Your goal - Using the listing below, output only the lines from the one that contains "mph022_1797068269_1280_3a1b114430" through the one that contains "tại V-League 2025-2026", inclusive, exactly as given and without images.

Supplied information -
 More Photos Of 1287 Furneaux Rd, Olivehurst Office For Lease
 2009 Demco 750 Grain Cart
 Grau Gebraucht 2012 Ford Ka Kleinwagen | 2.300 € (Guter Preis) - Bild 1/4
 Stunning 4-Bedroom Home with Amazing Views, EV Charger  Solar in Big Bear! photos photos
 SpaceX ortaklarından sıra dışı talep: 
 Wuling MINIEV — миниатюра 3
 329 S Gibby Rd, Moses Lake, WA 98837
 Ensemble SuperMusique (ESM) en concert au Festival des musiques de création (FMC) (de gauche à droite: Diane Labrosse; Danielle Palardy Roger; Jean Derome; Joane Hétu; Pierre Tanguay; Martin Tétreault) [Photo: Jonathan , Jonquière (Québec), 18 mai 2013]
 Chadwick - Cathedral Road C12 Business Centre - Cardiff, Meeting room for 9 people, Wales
==
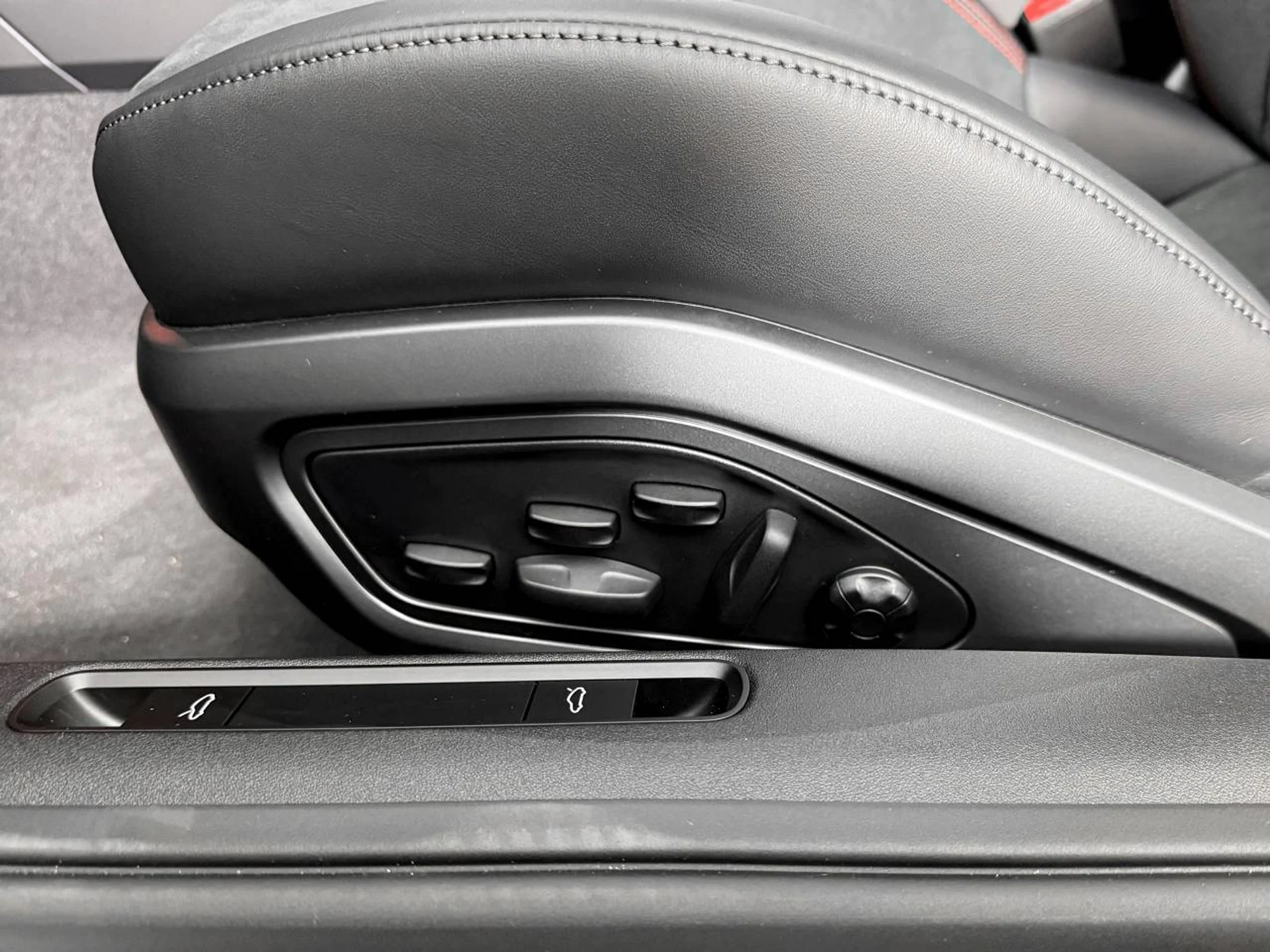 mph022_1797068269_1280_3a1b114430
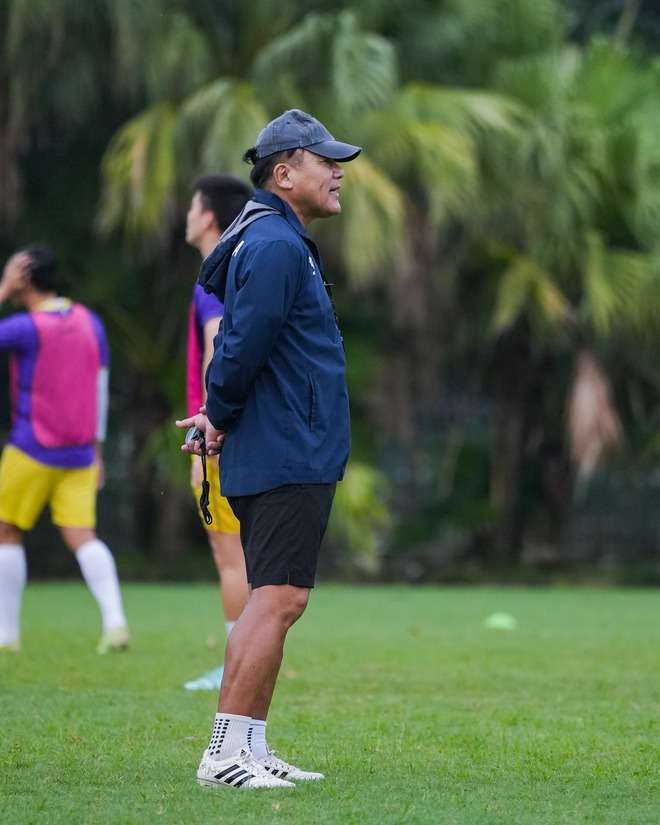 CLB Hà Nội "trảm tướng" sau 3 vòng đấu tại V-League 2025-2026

Your solution -
 mph022_1797068269_1280_3a1b114430
 CLB Hà Nội "trảm tướng" sau 3 vòng đấu tại V-League 2025-2026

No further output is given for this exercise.